### INSTRUCTIONS TO FOLLOW
Look through the data below for the line with "Архиепископ Феодор совершил", and transcribe it exactly together with each line after it up to and including the line with "AAA Carico Lake". Give nothing else.

### GIVEN ENTRIES
"""

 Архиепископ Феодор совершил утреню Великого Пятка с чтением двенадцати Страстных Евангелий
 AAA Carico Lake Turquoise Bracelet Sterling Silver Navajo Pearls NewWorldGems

"""
"""

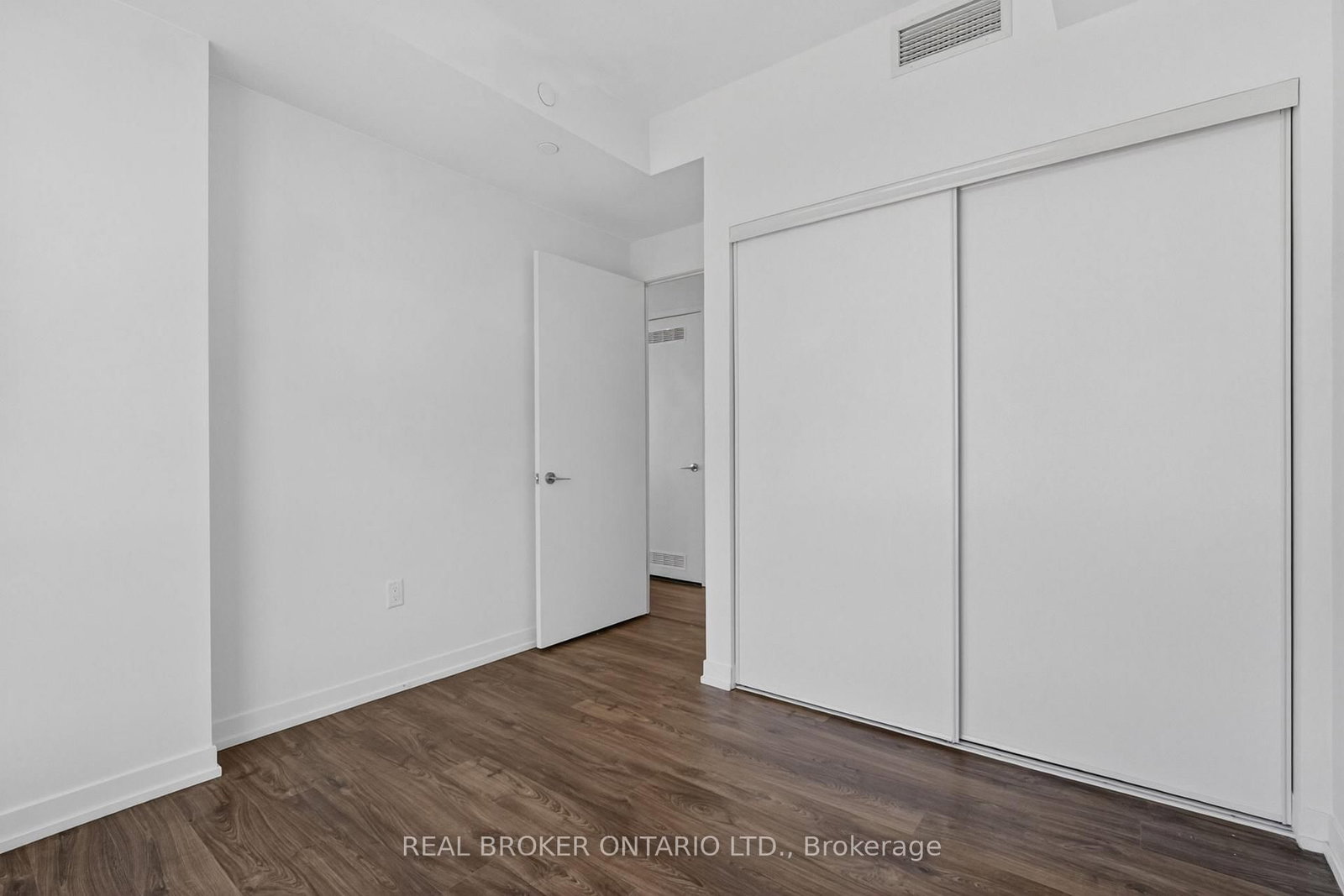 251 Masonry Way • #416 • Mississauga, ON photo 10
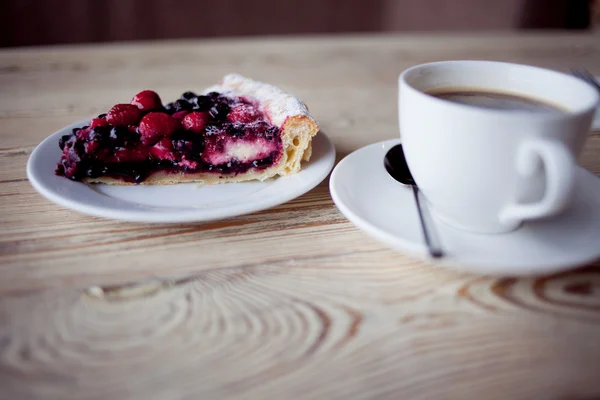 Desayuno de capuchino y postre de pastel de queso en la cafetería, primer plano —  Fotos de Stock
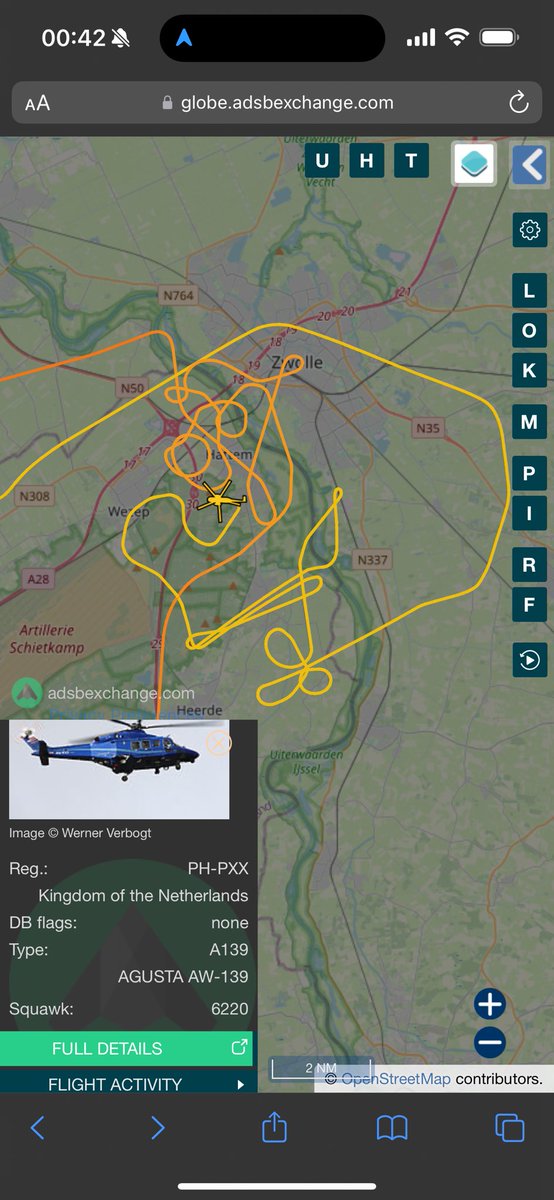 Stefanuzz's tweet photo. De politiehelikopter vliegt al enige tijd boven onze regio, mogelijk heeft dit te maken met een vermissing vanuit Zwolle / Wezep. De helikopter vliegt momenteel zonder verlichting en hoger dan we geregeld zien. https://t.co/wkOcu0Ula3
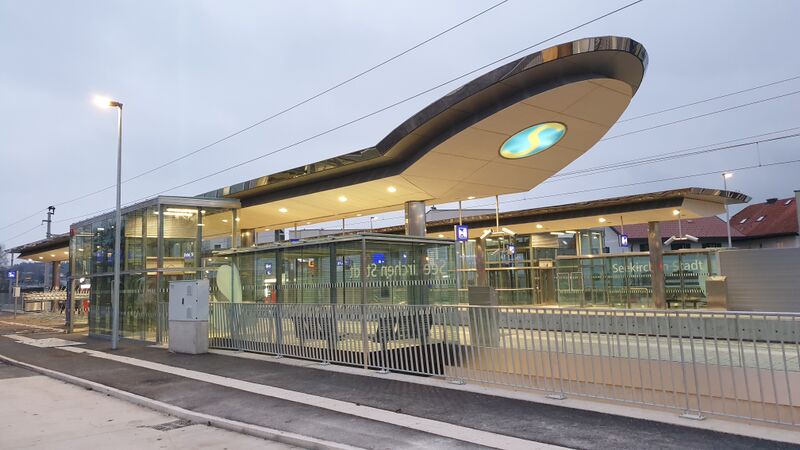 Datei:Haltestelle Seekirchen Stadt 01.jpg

"""
"""

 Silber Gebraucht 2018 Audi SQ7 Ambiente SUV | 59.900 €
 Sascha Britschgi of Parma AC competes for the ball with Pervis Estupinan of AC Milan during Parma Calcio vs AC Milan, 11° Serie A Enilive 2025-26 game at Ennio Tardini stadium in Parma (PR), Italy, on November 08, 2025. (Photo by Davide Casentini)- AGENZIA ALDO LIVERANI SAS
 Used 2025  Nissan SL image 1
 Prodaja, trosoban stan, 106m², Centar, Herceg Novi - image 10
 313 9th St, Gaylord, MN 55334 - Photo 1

"""

### EXERCISE RESULT
 Архиепископ Феодор совершил утреню Великого Пятка с чтением двенадцати Страстных Евангелий
 AAA Carico Lake Turquoise Bracelet Sterling Silver Navajo Pearls NewWorldGems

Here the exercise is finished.